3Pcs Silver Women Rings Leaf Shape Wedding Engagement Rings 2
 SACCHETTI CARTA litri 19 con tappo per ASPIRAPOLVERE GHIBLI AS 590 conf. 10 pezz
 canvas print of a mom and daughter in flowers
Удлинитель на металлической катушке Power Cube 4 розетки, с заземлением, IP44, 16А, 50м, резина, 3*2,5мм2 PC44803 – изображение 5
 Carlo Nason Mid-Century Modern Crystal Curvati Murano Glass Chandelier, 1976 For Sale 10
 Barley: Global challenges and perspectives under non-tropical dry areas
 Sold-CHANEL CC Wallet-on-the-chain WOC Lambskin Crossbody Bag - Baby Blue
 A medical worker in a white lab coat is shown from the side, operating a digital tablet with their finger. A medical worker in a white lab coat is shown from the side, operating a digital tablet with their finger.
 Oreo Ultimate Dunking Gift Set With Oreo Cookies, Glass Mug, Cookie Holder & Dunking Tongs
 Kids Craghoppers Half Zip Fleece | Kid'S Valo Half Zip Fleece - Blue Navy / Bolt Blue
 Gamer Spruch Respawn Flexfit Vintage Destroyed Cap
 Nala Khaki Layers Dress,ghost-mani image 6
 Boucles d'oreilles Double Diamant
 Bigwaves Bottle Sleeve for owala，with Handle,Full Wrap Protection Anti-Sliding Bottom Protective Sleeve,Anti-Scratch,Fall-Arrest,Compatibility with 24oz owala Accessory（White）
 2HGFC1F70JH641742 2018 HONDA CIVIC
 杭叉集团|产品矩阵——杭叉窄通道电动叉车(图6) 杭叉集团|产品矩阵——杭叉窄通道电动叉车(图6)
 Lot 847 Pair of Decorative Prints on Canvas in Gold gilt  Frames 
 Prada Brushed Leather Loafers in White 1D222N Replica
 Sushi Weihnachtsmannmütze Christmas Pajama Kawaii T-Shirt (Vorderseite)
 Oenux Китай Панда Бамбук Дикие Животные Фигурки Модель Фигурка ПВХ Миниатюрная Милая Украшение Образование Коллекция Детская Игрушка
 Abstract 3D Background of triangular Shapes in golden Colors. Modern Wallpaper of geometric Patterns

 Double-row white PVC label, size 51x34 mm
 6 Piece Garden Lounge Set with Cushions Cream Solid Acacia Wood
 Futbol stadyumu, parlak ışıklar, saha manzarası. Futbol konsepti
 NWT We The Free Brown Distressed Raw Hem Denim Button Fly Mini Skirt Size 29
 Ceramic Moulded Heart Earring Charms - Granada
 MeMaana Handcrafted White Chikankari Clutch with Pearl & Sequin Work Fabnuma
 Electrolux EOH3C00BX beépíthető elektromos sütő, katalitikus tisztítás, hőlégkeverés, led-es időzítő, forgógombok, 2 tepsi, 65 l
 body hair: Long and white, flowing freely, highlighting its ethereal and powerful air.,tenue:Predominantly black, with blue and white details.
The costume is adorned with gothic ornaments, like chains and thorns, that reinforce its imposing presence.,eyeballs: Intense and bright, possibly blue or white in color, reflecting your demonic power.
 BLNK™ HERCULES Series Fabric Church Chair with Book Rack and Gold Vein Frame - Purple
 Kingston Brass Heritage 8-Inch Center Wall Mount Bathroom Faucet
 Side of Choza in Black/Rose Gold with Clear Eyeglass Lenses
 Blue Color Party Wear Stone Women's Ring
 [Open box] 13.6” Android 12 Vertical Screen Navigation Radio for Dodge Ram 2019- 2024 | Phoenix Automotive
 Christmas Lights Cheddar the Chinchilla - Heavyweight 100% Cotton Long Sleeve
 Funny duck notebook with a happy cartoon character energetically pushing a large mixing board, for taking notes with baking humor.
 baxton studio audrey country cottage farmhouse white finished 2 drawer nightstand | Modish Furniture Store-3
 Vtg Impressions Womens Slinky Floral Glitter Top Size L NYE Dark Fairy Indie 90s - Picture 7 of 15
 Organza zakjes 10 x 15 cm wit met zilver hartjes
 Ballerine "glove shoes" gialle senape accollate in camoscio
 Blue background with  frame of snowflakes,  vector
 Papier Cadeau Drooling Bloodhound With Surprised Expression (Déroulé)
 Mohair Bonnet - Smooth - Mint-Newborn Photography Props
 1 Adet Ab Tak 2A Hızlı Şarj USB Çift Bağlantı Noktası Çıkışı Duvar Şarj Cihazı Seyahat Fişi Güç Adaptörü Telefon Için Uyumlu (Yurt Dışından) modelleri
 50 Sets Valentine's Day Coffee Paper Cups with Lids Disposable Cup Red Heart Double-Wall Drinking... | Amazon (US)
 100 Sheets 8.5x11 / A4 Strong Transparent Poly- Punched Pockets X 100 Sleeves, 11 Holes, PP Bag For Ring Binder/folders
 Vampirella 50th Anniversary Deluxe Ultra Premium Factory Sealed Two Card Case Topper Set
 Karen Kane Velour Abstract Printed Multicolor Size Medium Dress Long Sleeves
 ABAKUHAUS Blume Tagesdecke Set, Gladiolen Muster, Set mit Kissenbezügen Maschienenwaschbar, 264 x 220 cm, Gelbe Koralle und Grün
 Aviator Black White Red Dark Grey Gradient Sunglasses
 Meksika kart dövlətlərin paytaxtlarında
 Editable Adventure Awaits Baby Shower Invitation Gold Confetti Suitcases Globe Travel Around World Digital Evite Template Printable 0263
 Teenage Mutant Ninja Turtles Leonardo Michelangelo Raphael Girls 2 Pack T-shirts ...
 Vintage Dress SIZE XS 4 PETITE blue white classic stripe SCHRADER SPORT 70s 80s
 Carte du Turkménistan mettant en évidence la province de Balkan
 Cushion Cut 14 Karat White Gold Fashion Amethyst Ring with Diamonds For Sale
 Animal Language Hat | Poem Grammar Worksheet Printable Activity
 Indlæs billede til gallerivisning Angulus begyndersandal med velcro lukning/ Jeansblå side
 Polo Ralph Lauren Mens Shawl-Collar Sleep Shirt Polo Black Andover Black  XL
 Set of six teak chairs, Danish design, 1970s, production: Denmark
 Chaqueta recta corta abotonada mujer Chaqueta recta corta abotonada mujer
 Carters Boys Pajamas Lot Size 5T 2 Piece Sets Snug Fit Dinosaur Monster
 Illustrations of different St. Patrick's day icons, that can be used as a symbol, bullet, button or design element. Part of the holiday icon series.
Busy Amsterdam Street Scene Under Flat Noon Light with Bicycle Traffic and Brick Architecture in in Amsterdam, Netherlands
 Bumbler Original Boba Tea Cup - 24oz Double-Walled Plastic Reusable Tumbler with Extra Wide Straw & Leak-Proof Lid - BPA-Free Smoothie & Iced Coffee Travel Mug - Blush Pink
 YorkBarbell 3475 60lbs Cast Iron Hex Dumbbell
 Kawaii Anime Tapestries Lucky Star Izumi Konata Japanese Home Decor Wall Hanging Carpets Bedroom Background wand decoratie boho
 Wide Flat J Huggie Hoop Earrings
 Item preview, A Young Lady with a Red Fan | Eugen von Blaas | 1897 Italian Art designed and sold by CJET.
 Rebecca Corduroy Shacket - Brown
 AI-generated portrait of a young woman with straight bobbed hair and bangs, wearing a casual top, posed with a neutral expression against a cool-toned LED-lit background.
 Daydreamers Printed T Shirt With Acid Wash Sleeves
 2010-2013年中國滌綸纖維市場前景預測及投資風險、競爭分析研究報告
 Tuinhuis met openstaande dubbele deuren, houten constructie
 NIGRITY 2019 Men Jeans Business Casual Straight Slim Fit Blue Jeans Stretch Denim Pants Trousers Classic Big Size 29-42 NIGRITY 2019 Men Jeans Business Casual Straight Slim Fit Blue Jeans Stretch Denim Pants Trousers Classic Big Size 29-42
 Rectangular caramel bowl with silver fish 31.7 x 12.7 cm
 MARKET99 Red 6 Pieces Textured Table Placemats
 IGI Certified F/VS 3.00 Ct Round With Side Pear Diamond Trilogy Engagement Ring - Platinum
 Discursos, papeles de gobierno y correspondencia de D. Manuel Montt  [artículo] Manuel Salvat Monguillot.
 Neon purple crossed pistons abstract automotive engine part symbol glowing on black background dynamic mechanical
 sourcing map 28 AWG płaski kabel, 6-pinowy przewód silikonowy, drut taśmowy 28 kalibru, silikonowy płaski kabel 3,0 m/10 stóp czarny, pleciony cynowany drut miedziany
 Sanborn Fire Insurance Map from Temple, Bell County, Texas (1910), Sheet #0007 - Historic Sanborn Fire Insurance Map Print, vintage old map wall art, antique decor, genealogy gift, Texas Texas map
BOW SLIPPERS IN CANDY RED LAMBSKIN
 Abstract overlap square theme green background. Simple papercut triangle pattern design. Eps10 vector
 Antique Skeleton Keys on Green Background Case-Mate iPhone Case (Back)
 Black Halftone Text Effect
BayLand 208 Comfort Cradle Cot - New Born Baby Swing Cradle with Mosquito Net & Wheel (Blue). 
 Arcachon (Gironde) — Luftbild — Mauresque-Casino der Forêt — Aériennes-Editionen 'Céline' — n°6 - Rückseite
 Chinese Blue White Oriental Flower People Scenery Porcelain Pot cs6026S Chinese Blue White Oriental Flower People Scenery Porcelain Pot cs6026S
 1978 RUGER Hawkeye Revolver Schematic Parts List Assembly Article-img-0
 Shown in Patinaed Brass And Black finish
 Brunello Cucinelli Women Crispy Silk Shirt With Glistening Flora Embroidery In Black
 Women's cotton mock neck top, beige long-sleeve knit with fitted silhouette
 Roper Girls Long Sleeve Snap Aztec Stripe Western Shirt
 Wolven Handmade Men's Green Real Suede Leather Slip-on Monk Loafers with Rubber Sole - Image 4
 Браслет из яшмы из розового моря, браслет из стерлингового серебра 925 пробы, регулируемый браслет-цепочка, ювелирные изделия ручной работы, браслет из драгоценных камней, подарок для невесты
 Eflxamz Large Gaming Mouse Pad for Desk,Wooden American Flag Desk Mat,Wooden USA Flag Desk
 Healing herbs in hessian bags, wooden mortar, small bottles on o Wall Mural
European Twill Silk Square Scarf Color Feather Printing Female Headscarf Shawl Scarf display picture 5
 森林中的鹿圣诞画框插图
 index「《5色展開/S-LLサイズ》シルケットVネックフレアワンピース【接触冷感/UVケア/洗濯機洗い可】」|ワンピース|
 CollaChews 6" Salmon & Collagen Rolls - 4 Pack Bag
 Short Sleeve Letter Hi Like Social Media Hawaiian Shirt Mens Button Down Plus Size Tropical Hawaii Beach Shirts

How to complete this task: Print, without alteration, only the lines above between the one holding "Удлинитель на металлической" and the one holding "Barley: Global challenges", inclusive.

Solution to this task:
Удлинитель на металлической катушке Power Cube 4 розетки, с заземлением, IP44, 16А, 50м, резина, 3*2,5мм2 PC44803 – изображение 5
 Carlo Nason Mid-Century Modern Crystal Curvati Murano Glass Chandelier, 1976 For Sale 10
 Barley: Global challenges and perspectives under non-tropical dry areas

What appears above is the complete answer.